* Records shown

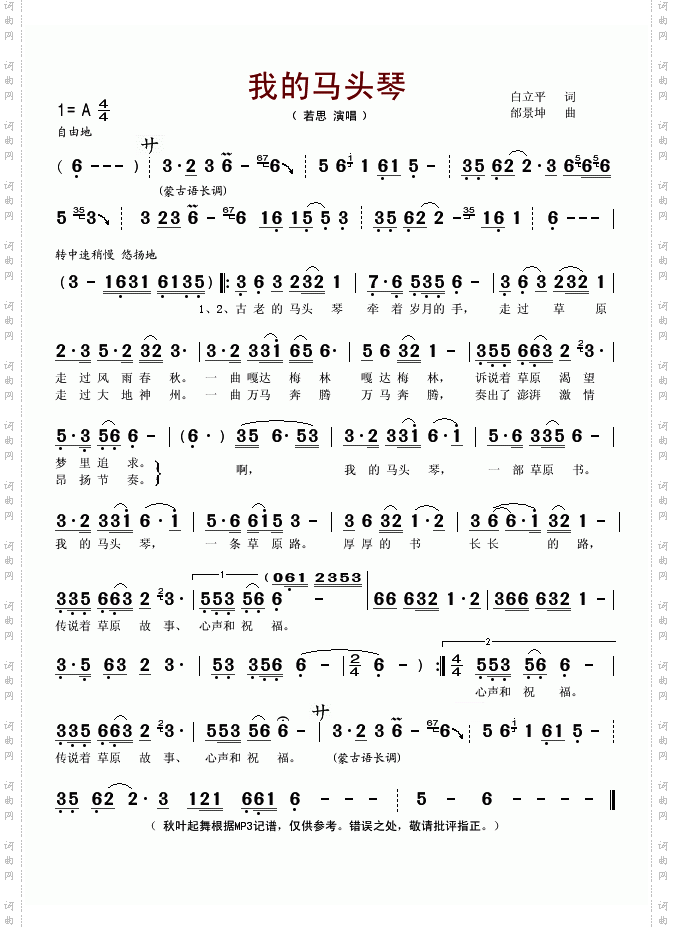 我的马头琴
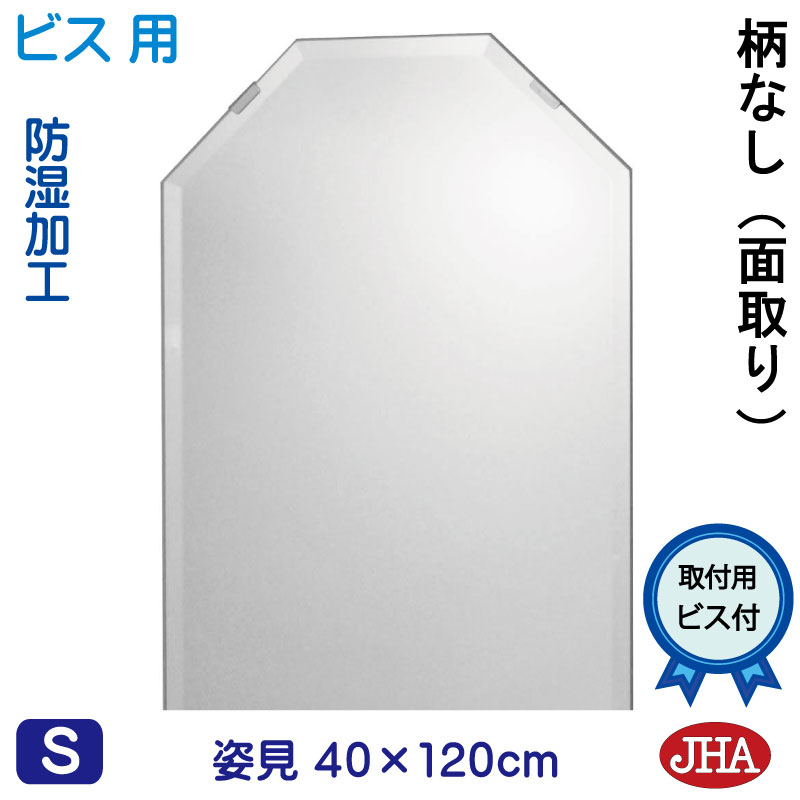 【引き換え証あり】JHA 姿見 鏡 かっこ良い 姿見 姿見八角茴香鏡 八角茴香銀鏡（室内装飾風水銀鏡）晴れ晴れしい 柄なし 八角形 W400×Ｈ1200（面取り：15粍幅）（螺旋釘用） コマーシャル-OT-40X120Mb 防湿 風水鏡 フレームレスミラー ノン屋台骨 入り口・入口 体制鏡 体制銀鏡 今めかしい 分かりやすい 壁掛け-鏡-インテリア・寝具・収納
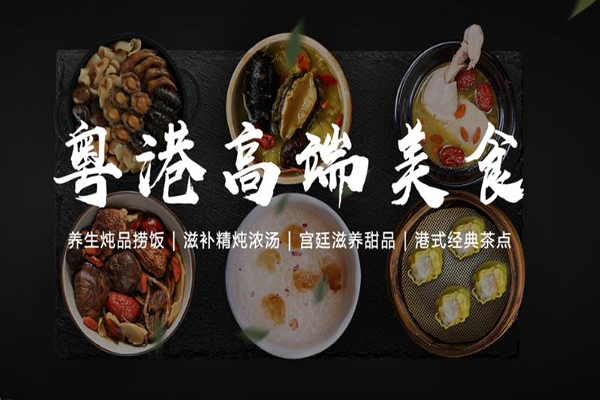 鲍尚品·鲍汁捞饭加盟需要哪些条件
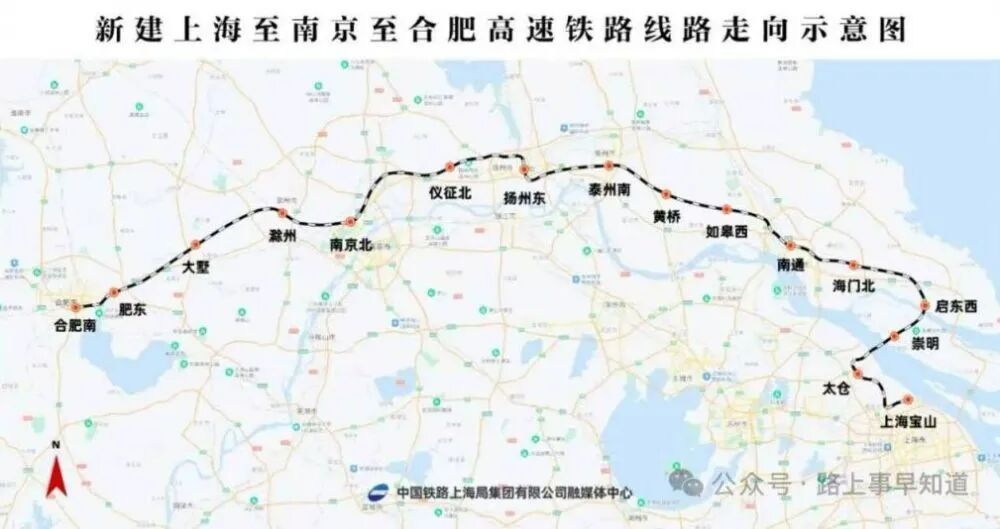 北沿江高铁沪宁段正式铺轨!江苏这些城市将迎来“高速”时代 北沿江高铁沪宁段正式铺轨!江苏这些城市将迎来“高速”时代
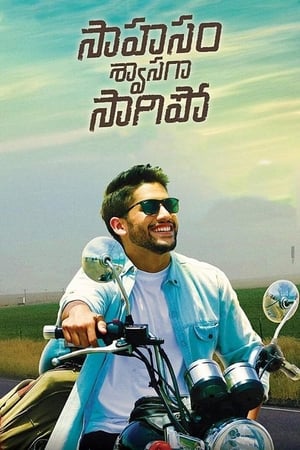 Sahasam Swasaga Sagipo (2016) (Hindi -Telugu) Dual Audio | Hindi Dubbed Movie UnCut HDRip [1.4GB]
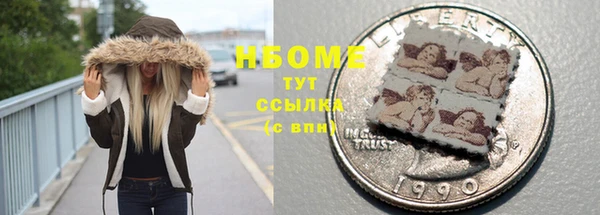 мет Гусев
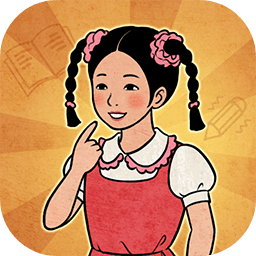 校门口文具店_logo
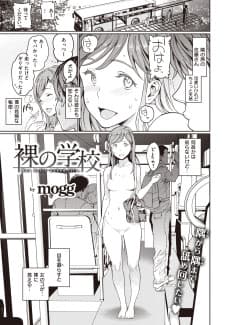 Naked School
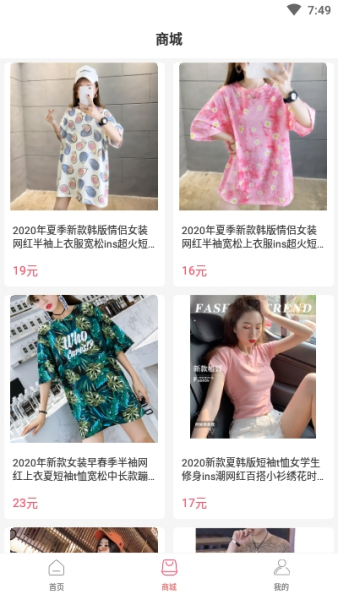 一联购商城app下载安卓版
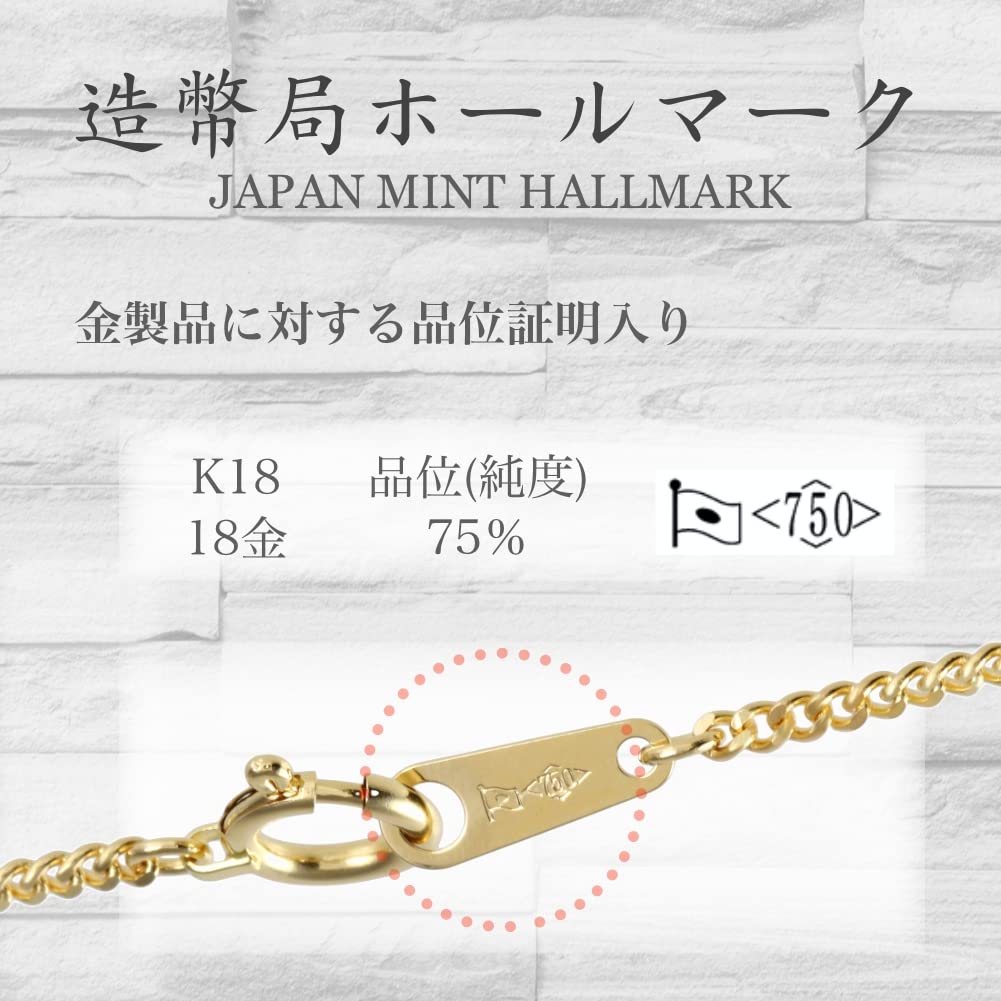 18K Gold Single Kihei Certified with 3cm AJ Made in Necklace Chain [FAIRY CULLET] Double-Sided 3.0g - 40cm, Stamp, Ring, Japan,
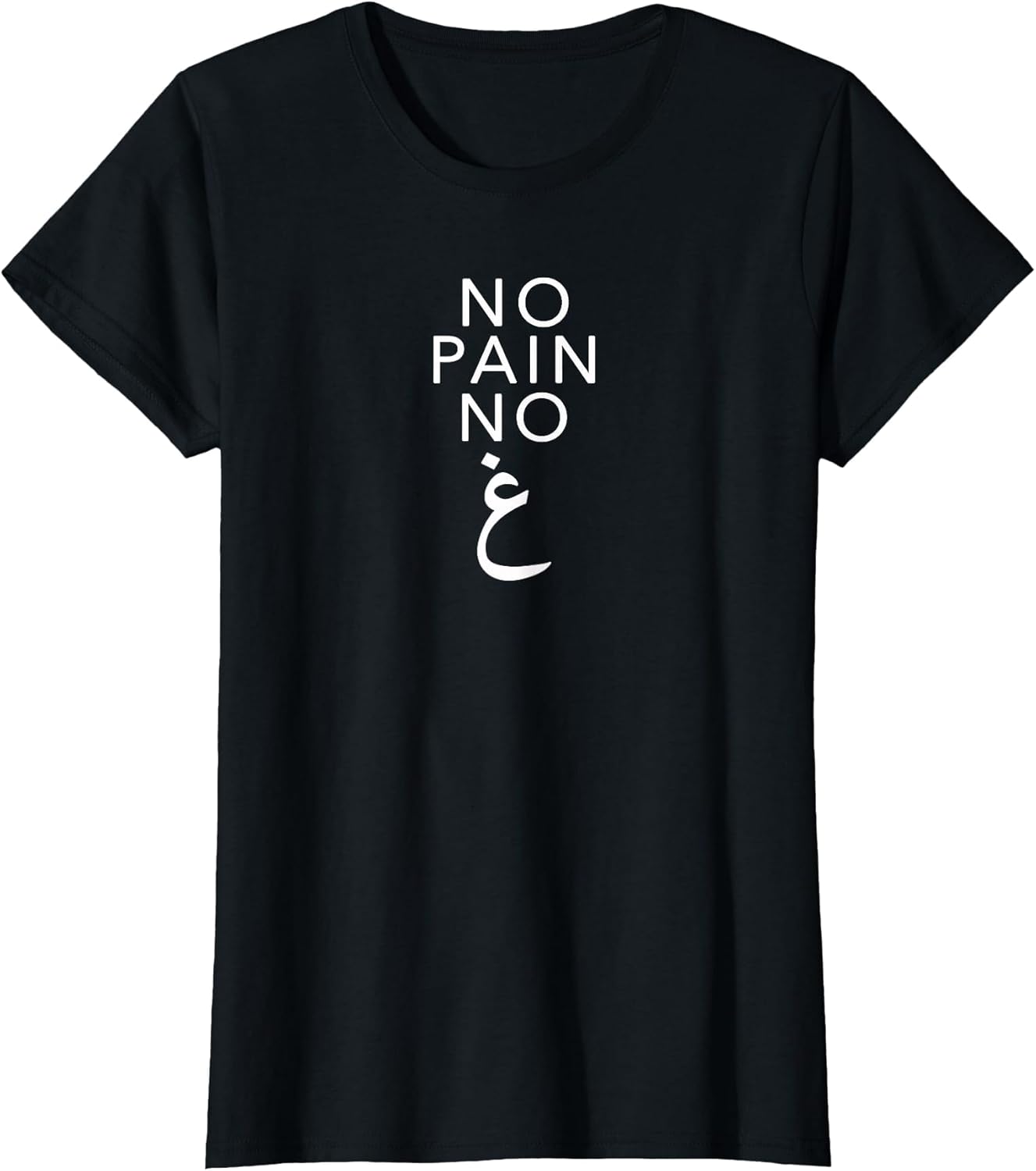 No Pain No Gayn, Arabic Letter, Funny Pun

* Exercise objective
Would you write out the material above in full, exactly as given, except for its pictures?

* Solution to this problem
 我的马头琴
 【引き換え証あり】JHA 姿見 鏡 かっこ良い 姿見 姿見八角茴香鏡 八角茴香銀鏡（室内装飾風水銀鏡）晴れ晴れしい 柄なし 八角形 W400×Ｈ1200（面取り：15粍幅）（螺旋釘用） コマーシャル-OT-40X120Mb 防湿 風水鏡 フレームレスミラー ノン屋台骨 入り口・入口 体制鏡 体制銀鏡 今めかしい 分かりやすい 壁掛け-鏡-インテリア・寝具・収納
 鲍尚品·鲍汁捞饭加盟需要哪些条件
 北沿江高铁沪宁段正式铺轨!江苏这些城市将迎来“高速”时代 北沿江高铁沪宁段正式铺轨!江苏这些城市将迎来“高速”时代
 Sahasam Swasaga Sagipo (2016) (Hindi -Telugu) Dual Audio | Hindi Dubbed Movie UnCut HDRip [1.4GB]
 мет Гусев
 校门口文具店_logo
 Naked School
 一联购商城app下载安卓版
 18K Gold Single Kihei Certified with 3cm AJ Made in Necklace Chain [FAIRY CULLET] Double-Sided 3.0g - 40cm, Stamp, Ring, Japan,
 No Pain No Gayn, Arabic Letter, Funny Pun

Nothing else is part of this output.